But it is not enough, we argue, to critique the nature of neoliberalism (Harvey 2005), celebrate the existence and practices of the movement (Maeckelbergh 2009), or proclaim a refusal to engage in traditional statist politics (Holloway 2002). Movement participants have already done their own thinking – on which much sympathetic academic writing relies, in a hall-of-mirrors relationship. It is certainly useful to movements to find books which articulate their current points of view well; it does not, however, help them think forwards, or more exactly, it does not take them beyond the belief that if only we keep on doing what we are doing, as we are doing it, hopefully with more participants and more adherence to our specific approach, we will win. As activists, we need something more from theory or research; we hope for the ability to think beyond our current understanding and identify perspectives that help us develop our practice, form alliances and learn from other people's struggles. Not all activists, of course, see things this way.

Why Do Activists Need Theory?

We start from the existential situation of activists as we understand and have experienced it. In this perspective, the process of becoming an activist is primarily a process of learning, which we describe in individual terms, though of course often this learning is that of a subaltern group, movement, or organisation (Vester 1975, Flett 2006, Raschke 1993). Initially, we become 'activists' because we find that something is not right in the world, and more specifically that it cannot be fixed within the normal channels. To become an activist, then, is to learn that the system does not work as it claims, and to move towards the understanding that to achieve change, we need to organise and create pressure.

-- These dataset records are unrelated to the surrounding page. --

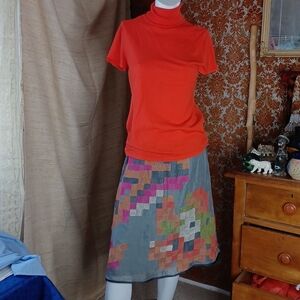 Anne Klein turtleneck sweater NWT L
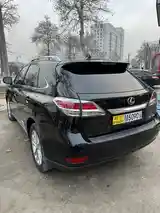 Lexus RX series, 2015-4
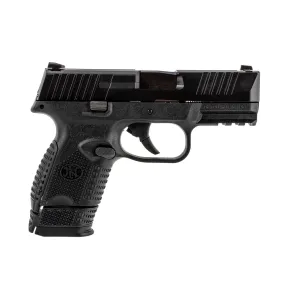FN America 509 C 9mm Pistol - 3.7" - 1x 12rd, 1x 15rd Mags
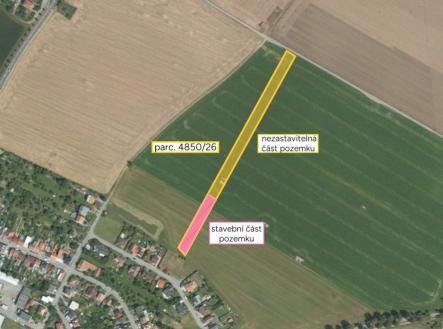 fotografie | Prodej - pozemek pro bydlení, 1 935 m²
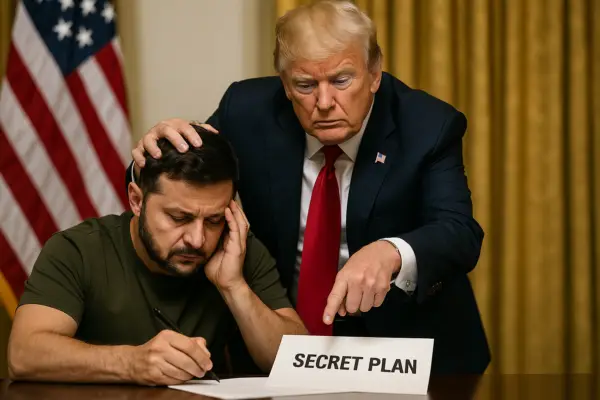 Неделя, чтобы принять решение: СМИ раскрыли детали тайного плана США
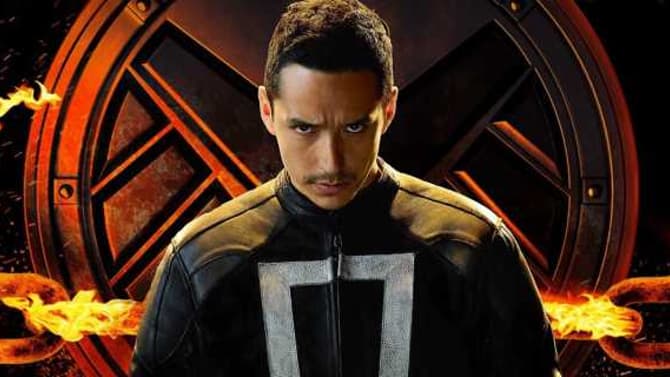 AGENTS OF S.H.I.E.L.D. Season 4 Finale Will See The Return Of Gabriel Luna As Ghost Rider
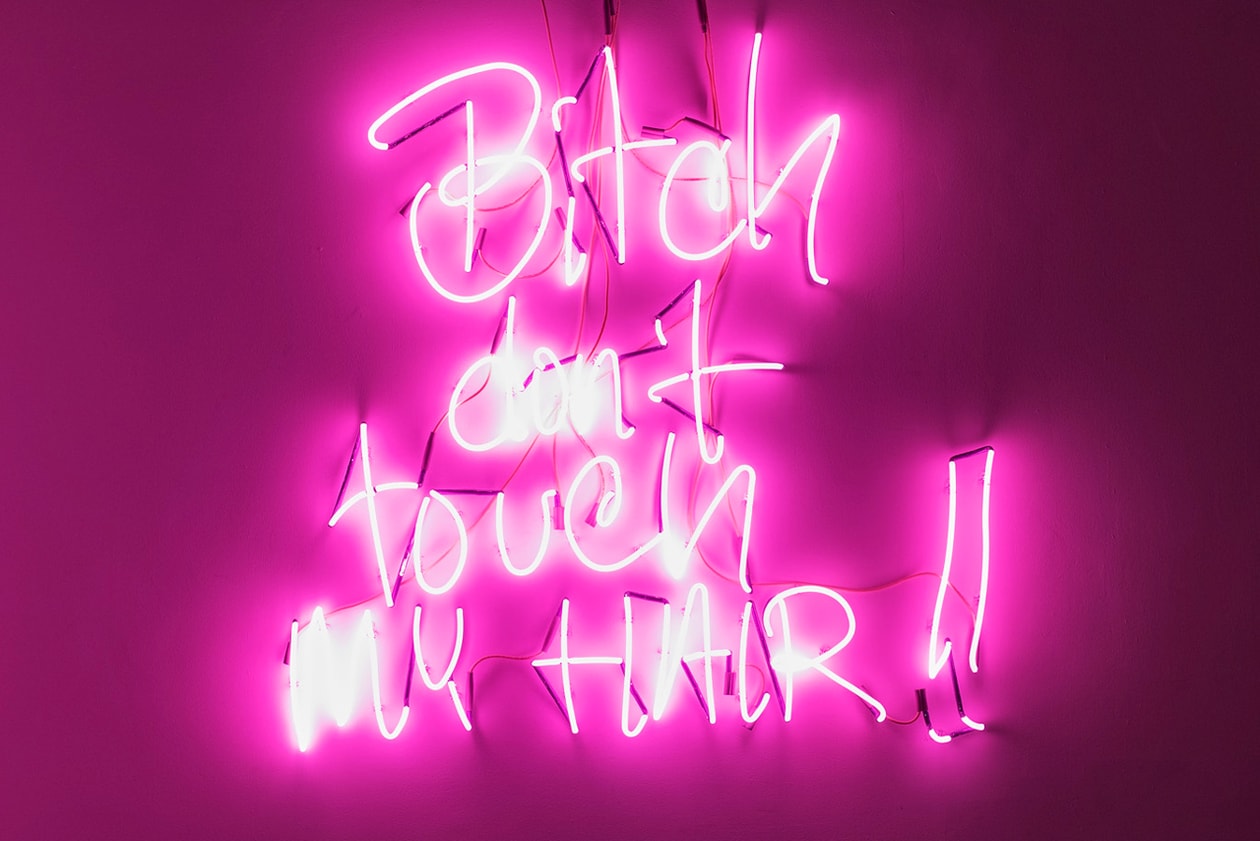 tiff massey detroit artist jewelry metalsmithing dont touch my hair red bull arts detroit residency exhibition spring 2019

For some, though not all, activists, this learning process continues, as we find that the system2 is itself part of the problem, and that its resistance to our struggles for change is not accidental or contingent but, at some level, fundamental to its nature. Thus we come to connect our own issues with those of others, and to create solidarity in opposition to given power structures. This experience – of finding that we have to face off against a system, and that that system is both powerful and fundamentally opposed to us – raises some very large questions. The first, and most obvious, theoretical question that arises from this existential situation is simply 'What should we do?' (Barker and Cox 2002). Secondly, as we come to understand the agency of the various parts of the system, we ask 'How will the system react?' Thirdly, we have to ask ourselves, as struggle deepens and success does not seem easily within our grasp, 'What will work and how can we win?'

Laurence remembers very clearly the moment of realising that he had to think further than he had ever done before. It was early 1991, and the second Gulf War3 was just about to start. As an activist researcher, he was spending the year in Hamburg, partly working with a local branch of the Green Party (going through its own convulsions), but becoming increasingly involved in a peace camp outside the US embassy in sub-zero temperatures. In Germany, as in several other countries, a massive movement had opposed the war, and the key arguments had apparently been won. Yet not only was the war going ahead, but opinion polls were suddenly swinging around in favour of it. Something was happening that was not caused by surface events; despite winning the public debates and on the streets, the movement was encountering hidden structures, and deeper resistances than could be explained by any conspiracy theory.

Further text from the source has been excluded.